Quantum Computer as a Probabilistic Inference Engine

TL;DR

This paper introduces a novel class of quantum algorithms designed to estimate probability distributions, extending classical reversible computing methods to quantum Bayesian networks for improved inference in AI and decision-making.

Contribution

It generalizes the Fredkin-Toffoli construction to quantum Bayesian networks, enabling quantum computation of classical probabilistic inferences, and explores integration with Grover's algorithm for enhanced performance.

Findings

Quantum Bayesian nets can compute conditional probabilities efficiently.

The proposed algorithms generalize classical reversible computing to probabilistic models.

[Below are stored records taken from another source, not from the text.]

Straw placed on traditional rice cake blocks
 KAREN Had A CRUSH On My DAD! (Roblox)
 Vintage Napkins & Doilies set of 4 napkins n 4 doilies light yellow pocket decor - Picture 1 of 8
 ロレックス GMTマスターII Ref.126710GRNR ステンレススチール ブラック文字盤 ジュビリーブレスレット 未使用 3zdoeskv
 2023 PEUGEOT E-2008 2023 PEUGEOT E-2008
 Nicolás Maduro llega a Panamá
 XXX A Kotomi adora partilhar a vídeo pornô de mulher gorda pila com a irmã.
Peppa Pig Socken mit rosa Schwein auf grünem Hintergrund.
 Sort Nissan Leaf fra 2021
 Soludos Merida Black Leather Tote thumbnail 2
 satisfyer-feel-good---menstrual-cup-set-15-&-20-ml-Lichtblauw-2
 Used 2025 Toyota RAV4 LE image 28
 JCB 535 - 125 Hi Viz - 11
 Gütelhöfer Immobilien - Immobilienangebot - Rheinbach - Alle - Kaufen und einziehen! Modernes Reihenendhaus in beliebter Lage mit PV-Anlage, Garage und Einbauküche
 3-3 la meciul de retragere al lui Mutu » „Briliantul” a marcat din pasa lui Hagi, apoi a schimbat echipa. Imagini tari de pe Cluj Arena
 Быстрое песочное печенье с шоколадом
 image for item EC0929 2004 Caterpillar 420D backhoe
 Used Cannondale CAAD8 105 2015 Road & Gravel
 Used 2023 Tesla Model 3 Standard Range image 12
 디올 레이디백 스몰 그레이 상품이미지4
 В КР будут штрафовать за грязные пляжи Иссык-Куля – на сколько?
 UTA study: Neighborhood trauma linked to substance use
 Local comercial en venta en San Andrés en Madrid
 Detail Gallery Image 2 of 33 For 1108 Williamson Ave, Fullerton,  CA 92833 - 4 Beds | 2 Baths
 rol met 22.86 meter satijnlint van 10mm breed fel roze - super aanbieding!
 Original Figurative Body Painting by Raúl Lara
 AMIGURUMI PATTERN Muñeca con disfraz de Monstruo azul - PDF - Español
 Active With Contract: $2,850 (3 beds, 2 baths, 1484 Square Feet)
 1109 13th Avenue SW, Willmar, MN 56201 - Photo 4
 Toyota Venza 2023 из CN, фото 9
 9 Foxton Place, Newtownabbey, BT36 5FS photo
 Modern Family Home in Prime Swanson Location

Potential advantages when combined with Grover's algorithm in certain scenarios.

Abstract

We propose a new class of quantum computing algorithms which generalize many standard ones. The goal of our algorithms is to estimate probability distributions. Such estimates are useful in, for example, applications of Decision Theory and Artificial Intelligence, where inferences are made based on uncertain knowledge. The class of algorithms that we propose is based on a construction method that generalizes a Fredkin-Toffoli (F-T) construction method used in the field of classical reversible computing. F-T showed how, given any binary deterministic circuit, one can construct another binary deterministic circuit which does the same calculations in a reversible manner. We show how, given any classical stochastic network (classical Bayesian net), one can construct a quantum network (quantum Bayesian net). By running this quantum Bayesian net on a quantum computer, one can calculate any conditional probability that one would be interested in calculating for the original classical Bayesian net. Thus, we generalize the F-T construction method so that it can be applied to any classical stochastic circuit, not just binary deterministic ones. We also show that, in certain situations, our class of algorithms can be combined with Grover's algorithm to great advantage.